Quando governos ou corporações implementam canais de denúncias, estes são, em última instância, pilares de um programa de integridade. Ao aceitar a lógica pragmática, reconhecemos que os fins podem justificar os meios, ou seja, que não importa utilizar uma lógica imoral para atingir uma finalidade ética.
Deixe-me colocar isso numa outra perspectiva: como cidadão, devo fazer sempre a coisa certa ou apenas quando eu sair em vantagem? Eis a questão ética: as pessoas deveriam denunciar crimes de corrupção porque seus efeitos são nefastos à coletividade; nunca baseado numa vantagem pessoal. Trata-se de uma relação causa-efeito que engloba a todos, não somente a mim próprio. Qualquer inversão dessa lógica me parece eticamente incoerente.
Isso pode parecer uma grande bobagem, mas os efeitos morais de aceitar a lógica pragmática são devastadores, sobretudo a longo prazo, já que criamos uma moral meramente utilitarista. E quando acabar o dinheiro? Conseguiremos, como sociedade, manter a motivação de combater a corrupção “apenas” porque é a coisa certa a fazer?
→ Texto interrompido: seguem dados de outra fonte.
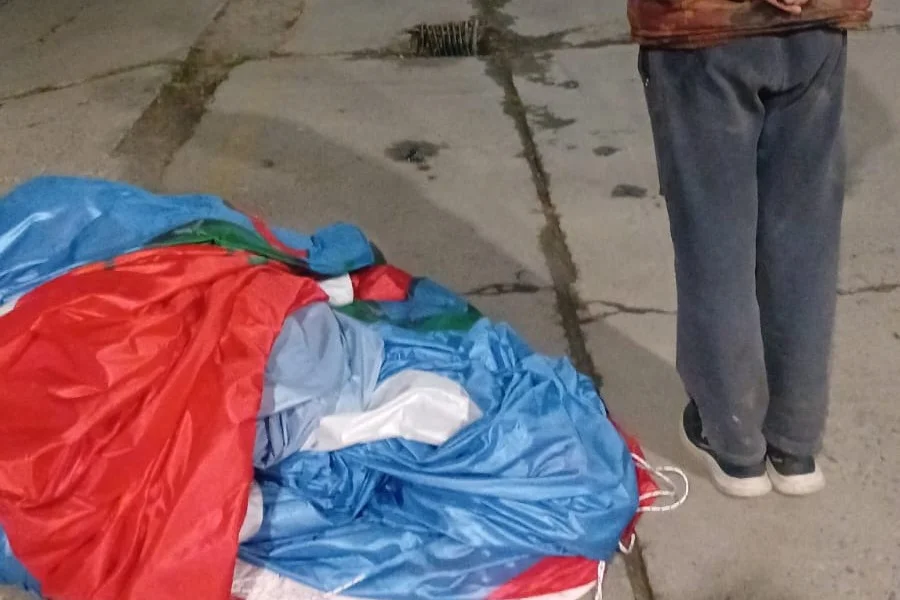 Detuvieron a un hombre que robó una bandera de La Rioja en el barrio San Román bandera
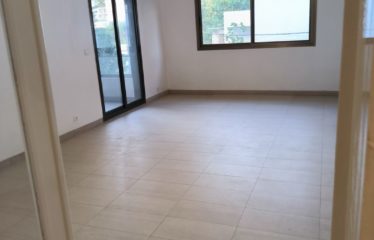 DAKAR POINT-E : Appartement à louer F4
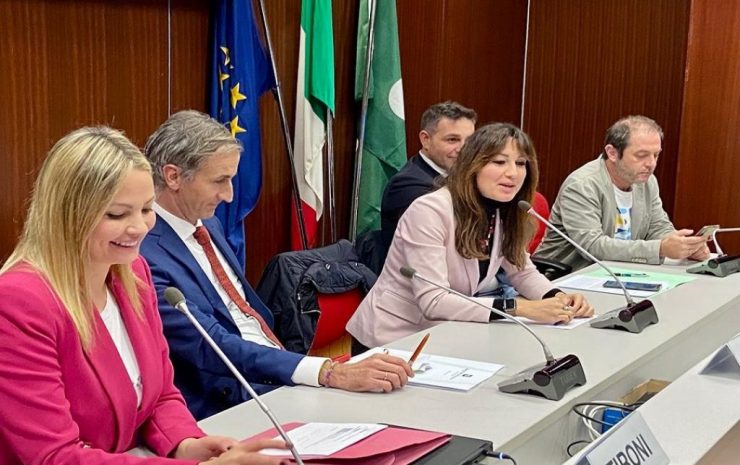 elena lucchini regione lombardia legge caregiver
Daniel Pink, renomado autor global, destaca no livro Motivação 3.0 que, no contexto do século XXI, a abordagem mecanicista das motivações extrínsecas, isto é, de recompensa e punição (ou cenouras e chicotes) não funciona em desafios minimamente complexos, que demandam capacidade criativa e conceitual (que utilizam o hemisfério direito do cérebro).
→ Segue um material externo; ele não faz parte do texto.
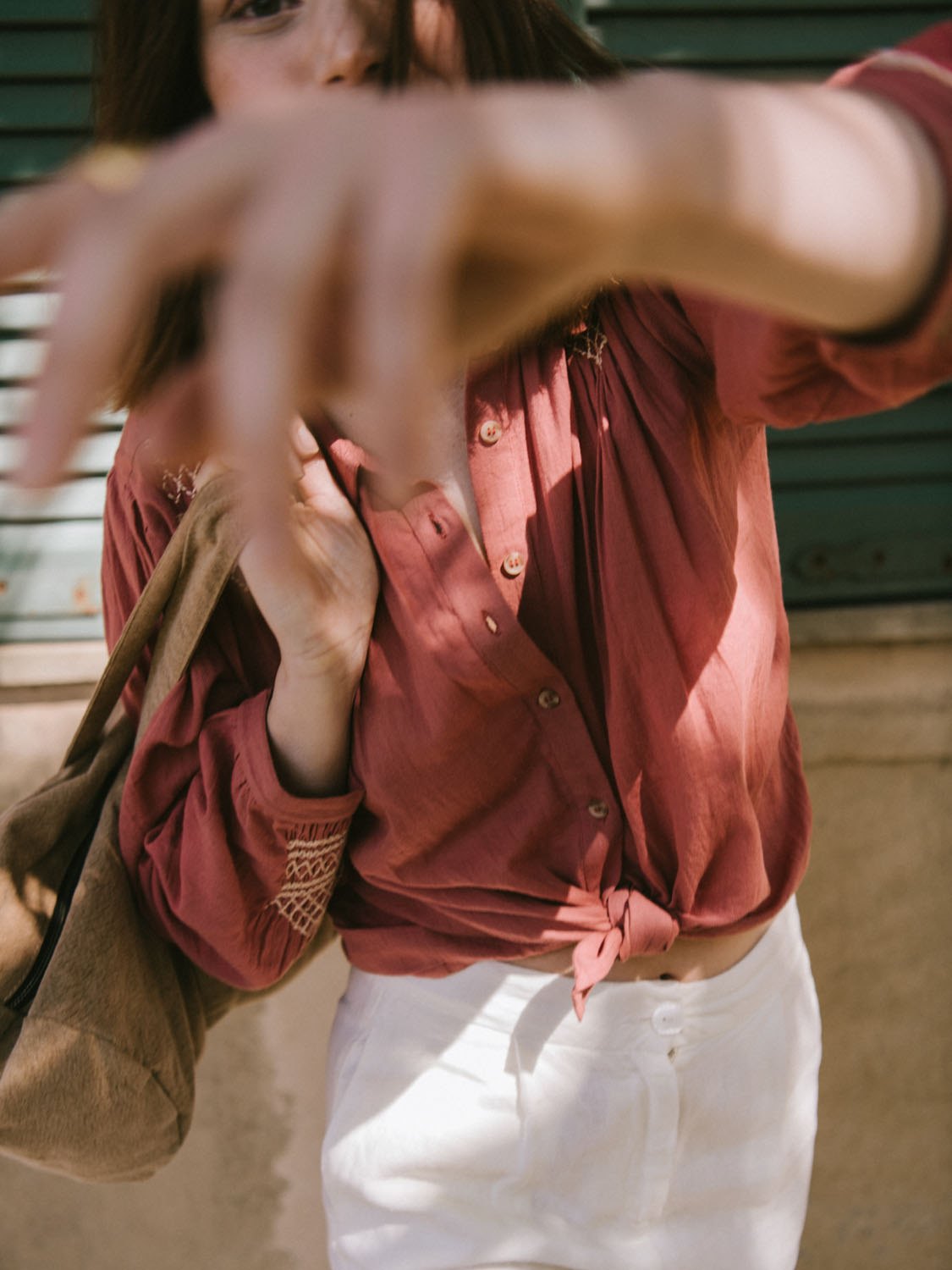 CAMISA BORDADO CONTRASTE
A solução, segundo Pink, é trabalharmos as motivações intrínsecas, ou seja, o impulso por fazer algo porque aquilo é importante, faz parte de algo maior ou é eticamente correto. Sua ideia leva em consideração três pilares: autonomia (o imperativo de conduzir a nossa própria vida), domínio (anseio de nos tornarmos cada vez melhores naquilo que realmente importa) e propósito (desejo de gerarmos impacto em prol de algo maior do que nós mesmos).
A construção de uma ética coletiva mais perfeita nunca se apresentou como um trabalho fácil e não será criada a partir de estratagemas ineficazes ou imorais, cujos fins justificariam os meios. Seu caminho passa por motivações intrínsecas, por mais difícil que seja construí-las: educação crítica, empatia coletiva e ética aguçada, desconstruindo antigos paradigmas pautados em mitos e construindo novos baseados na ciência.
* Daniel Lança é articulista e advogado, Mestre em Ciências Jurídico-Políticas pela Universidade de Lisboa. É Professor convidado da Fundação Dom Cabral (FDC) e sócio da SG Compliance.